Lottery Scammers use love as tool of trade
The Jamaican scammer has evolved in such a way that he not only scams a number of elderly persons living in the United States of America (USA), but also scams the elderly to fall in love with them, coaxing them to become a part of the scheme.
Sergeant Kevin Watson, public relations officer for the Major Organised Crime and Anti-Corruption Agency (MOCA) West, which covers Trelawny, St James, Westmoreland and Hanover, told THE STAR that the lottery scam scheme is constantly evolving.
"We have seen different ways that lottery scammers have used to convince their victims to send money," he said.
"Sometimes after the scammer has exhausted soliciting money in one way, they will develop an intimate relationship with the victim.

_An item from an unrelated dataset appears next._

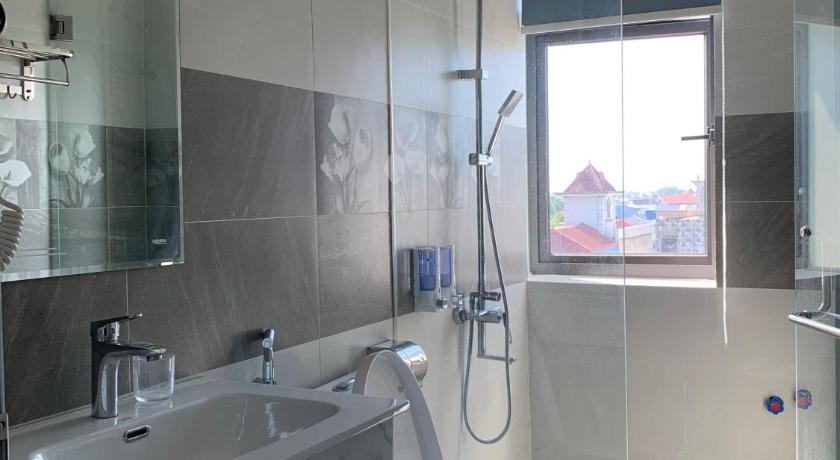 Win Win Hotel - Khach San Hai Phong photo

We have seen quite a number of these cases," the investigator said.
Sergeant Watson further told THE STAR that similar cases have come to the fore recently, including the employment of young female scammers to lure elderly United States men, using intimacy as their scamming tool.
"A lot of these persons are elderly, who feel lonely. When the scammer calls every single day to check up on them, they take advantage of them," Watson said.
Recently, a 51-year-old woman, Ella Mae Bradley, who resides in Evansville in Indiana, United States, reportedly fell for a Jamaican scammer who had previously scammed her.
She was recently arrested by officials after being implicated in a scheme which left elderly United States residents penniless.
Police alleged that Bradley was a victim of the Jamaican lottery scam in which she was fleeced of several thousand US dollars.
She then reportedly joined the scamming world.
The police further alleged that persons sent a number of cashier's cheques and cash to Bradley's home. The cops said that she, in turn, kept a portion of the ill-gotten money, and sent the rest to the Jamaican scammer.
Bradley reportedly told investigators that she had been a victim of the same scammers for two years and began helping them to try recoup her losses.
She claimed to have sent around US$1 million (approximately J$122 million) to Jamaica during the years inn which she was a victim of lottery scamming.